_Available data_
┏━━

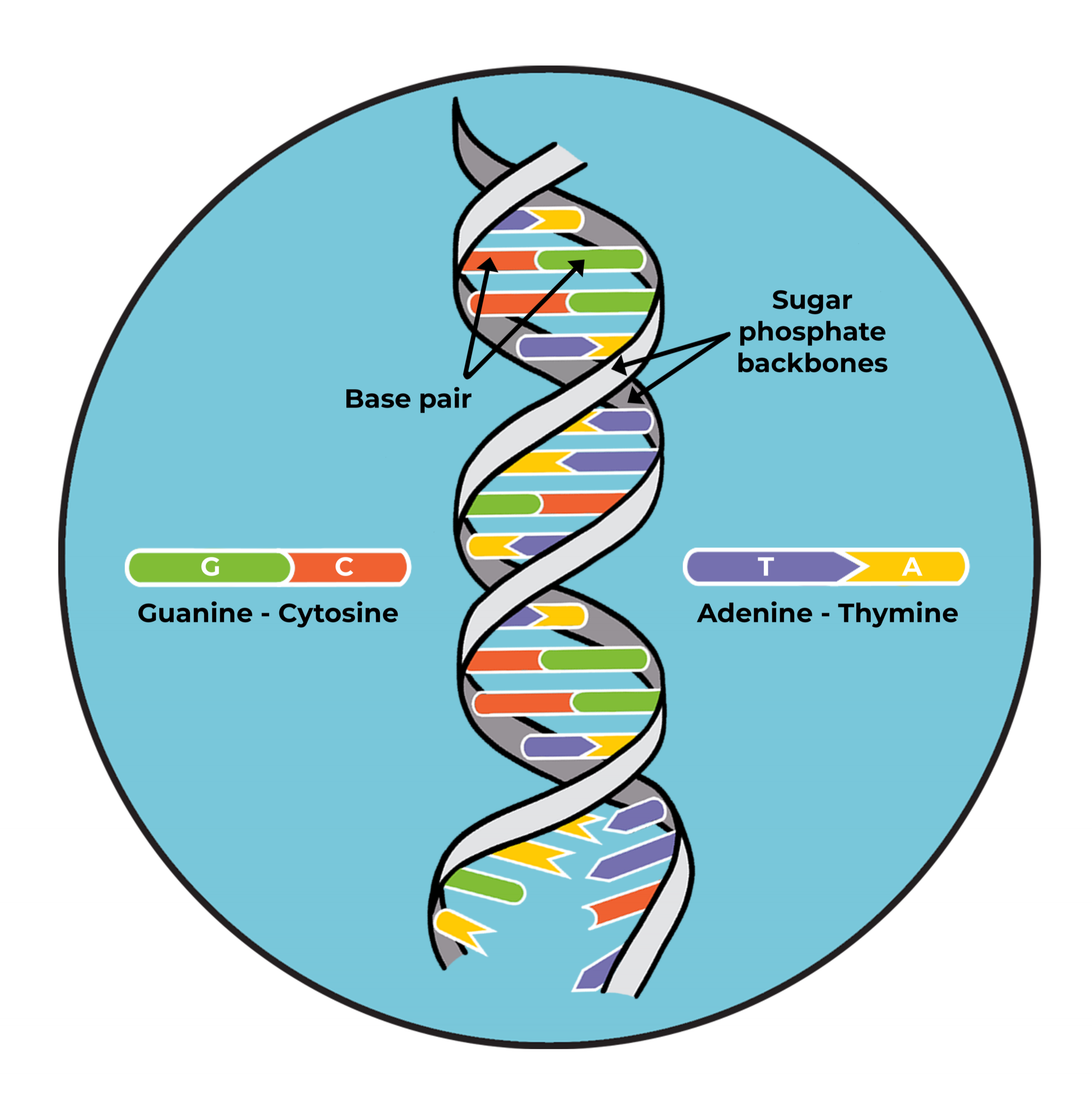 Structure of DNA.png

┗━━
┏━━

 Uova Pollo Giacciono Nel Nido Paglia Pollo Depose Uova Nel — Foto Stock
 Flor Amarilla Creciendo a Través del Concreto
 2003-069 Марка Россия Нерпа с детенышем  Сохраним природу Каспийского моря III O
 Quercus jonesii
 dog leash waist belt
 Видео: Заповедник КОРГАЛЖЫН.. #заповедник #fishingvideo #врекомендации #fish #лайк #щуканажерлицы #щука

┗━━

_What is being asked_
Restate word for word the lines of the data above, starting at the line containing "Quercus jonesii" and ending at the line containing "Видео: Заповедник КОРГАЛЖЫН..", both included, and nothing more.

_Response to this task_
 Quercus jonesii
 dog leash waist belt
 Видео: Заповедник КОРГАЛЖЫН.. #заповедник #fishingvideo #врекомендации #fish #лайк #щуканажерлицы #щука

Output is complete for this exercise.